First, Introduction second, influence third, other people's solution data level: The algorithm level: four, individual solution five, Reference
First, Introduction
Before doing emotional classification problems are using SST, and so on, some classical corpus, but when you want to do the corpus, only to find that things are not as simple as imagined. To carry out corpus cleaning, corpus segmentation (10 intersection), now also consider the question of the balance of the corpus.

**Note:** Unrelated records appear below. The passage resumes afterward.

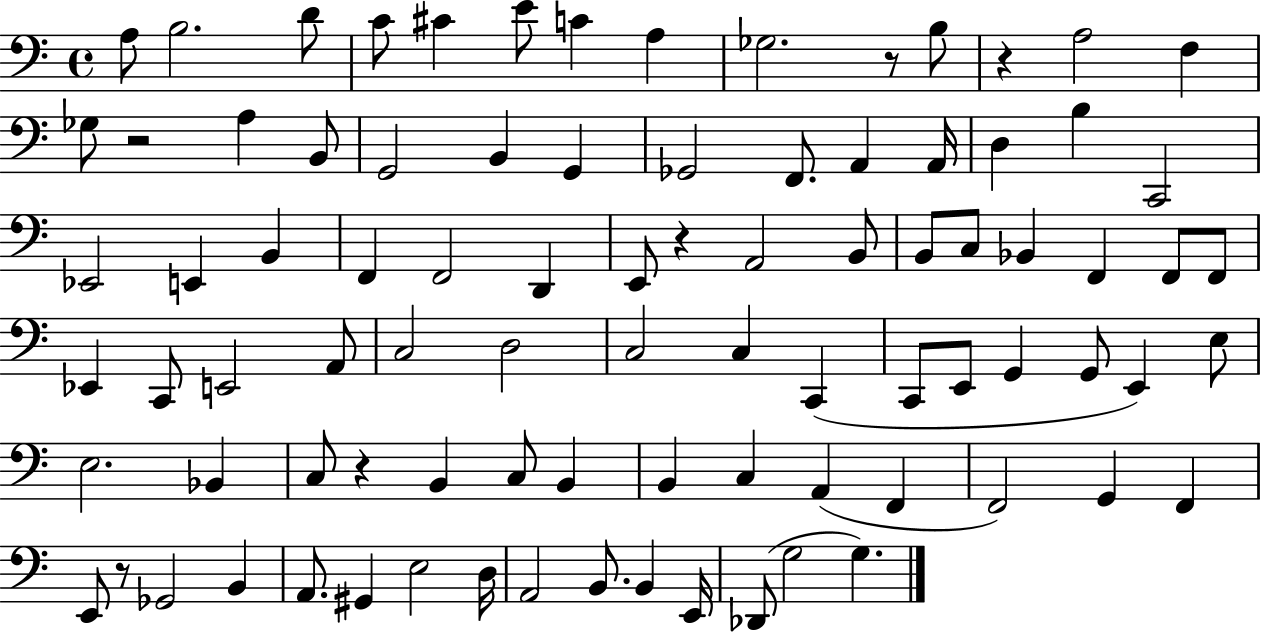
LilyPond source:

{
  \clef bass
  \time 4/4
  \defaultTimeSignature
  \key c \major
  a8 b2. d'8 | c'8 cis'4 e'8 c'4 a4 | ges2. r8 b8 | r4 a2 f4 | \break ges8 r2 a4 b,8 | g,2 b,4 g,4 | ges,2 f,8. a,4 a,16 | d4 b4 c,2 | \break ees,2 e,4 b,4 | f,4 f,2 d,4 | e,8 r4 a,2 b,8 | b,8 c8 bes,4 f,4 f,8 f,8 | \break ees,4 c,8 e,2 a,8 | c2 d2 | c2 c4 c,4( | c,8 e,8 g,4 g,8 e,4) e8 | \break e2. bes,4 | c8 r4 b,4 c8 b,4 | b,4 c4 a,4( f,4 | f,2) g,4 f,4 | \break e,8 r8 ges,2 b,4 | a,8. gis,4 e2 d16 | a,2 b,8. b,4 e,16 | des,8( g2 g4.) | \break \bar "|."
}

Imbalance problem: The number of corpora between categories varies greatly
Take a look at my corpus:
A total of 6 categories, the number varies very much. Second, influence
The imbalance of corpus number between categories is a factor that restricts the accuracy of many classification algorithms. Many classifiers tend to classify corpora into large classes, thus resulting in lower accuracy of classification. But the problem of unbalanced classification is real and pervasive, and many times those few are worthy of our attention. For example, cyber attacks, credit card illegal transactions, etc. The illegal transaction of credit card belongs to the few categories, and the classification is less accurate, so it is difficult to find the illegal record.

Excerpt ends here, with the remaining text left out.